Congressman Bruce Braley (center)

Congressman Bruce Braley (center)

Democratic Congressman Bruce Braley of Waterloo says he’ll push congress in early 2014 to pass a plan that would both revive a tax credit for businesses that hire veterans and restore a cost of living increase for veterans’ pensions.

Braley held news conferences today at Hy-Vee stores in Cedar Falls, Marshalltown and West Des Moines because Hy-Vee’s “Home Front” program for hiring veterans has qualified for that tax credit.

“My dad came home from Iwo Jima and one of the first things he wanted was a job and that’s been one of the things that’s motivated me and my advocacy for veterans,” Braley said during his last stop in West Des Moines. “I served on the Veterans Affairs Committee in the House when this alarming problem with unemployment for young veterans was at its peak.”

In June the unemployment rate among veterans who left the service after 9/11 was just over seven percent, but by this October it had risen to 10 percent. A tax credit of up to $9600 has been available to businesses that hire veterans, but it expires at the end of the year. Braley said that tax break should become permanent.

“For those employers who want to do the right thing and address this problem and reduce unemployment for our veterans, this is a great way to provide a little extra incentive,” Braley said.

Braley and other advocates for this tax break were unsuccessful in getting it included in the big budget compromise that passed the House last week and is clearing the U.S. Senate this week.

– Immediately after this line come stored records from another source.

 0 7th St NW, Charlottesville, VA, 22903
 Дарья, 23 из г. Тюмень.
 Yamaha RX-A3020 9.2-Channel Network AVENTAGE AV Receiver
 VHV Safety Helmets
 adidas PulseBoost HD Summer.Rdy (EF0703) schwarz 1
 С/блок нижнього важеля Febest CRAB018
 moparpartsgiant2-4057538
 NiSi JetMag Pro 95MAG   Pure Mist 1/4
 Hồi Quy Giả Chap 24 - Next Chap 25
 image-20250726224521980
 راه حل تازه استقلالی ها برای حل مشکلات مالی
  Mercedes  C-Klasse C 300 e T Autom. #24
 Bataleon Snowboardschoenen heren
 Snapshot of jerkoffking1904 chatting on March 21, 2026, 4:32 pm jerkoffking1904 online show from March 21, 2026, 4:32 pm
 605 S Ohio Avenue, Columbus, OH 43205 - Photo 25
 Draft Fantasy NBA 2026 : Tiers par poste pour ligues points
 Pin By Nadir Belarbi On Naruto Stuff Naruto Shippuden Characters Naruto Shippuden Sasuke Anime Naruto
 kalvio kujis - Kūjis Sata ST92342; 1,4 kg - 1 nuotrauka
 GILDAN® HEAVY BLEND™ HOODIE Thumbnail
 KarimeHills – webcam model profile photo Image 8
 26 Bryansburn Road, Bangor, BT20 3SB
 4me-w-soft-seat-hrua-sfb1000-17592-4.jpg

That budget plan also cuts the cost-of-living increase in pension benefits for retired military veterans.

“There are better ways that we can try to address some of our budgetary needs than doing it on the back of the people who served with the promise that they were going to get guaranteed retirement benefits,” Braley said.

Braley said packaging that cost-of-living increase for military retirement benefits with the tax credit for businesses that hire veterans may be the best approach to quickly getting congressional approval of these two proposals in early 2014.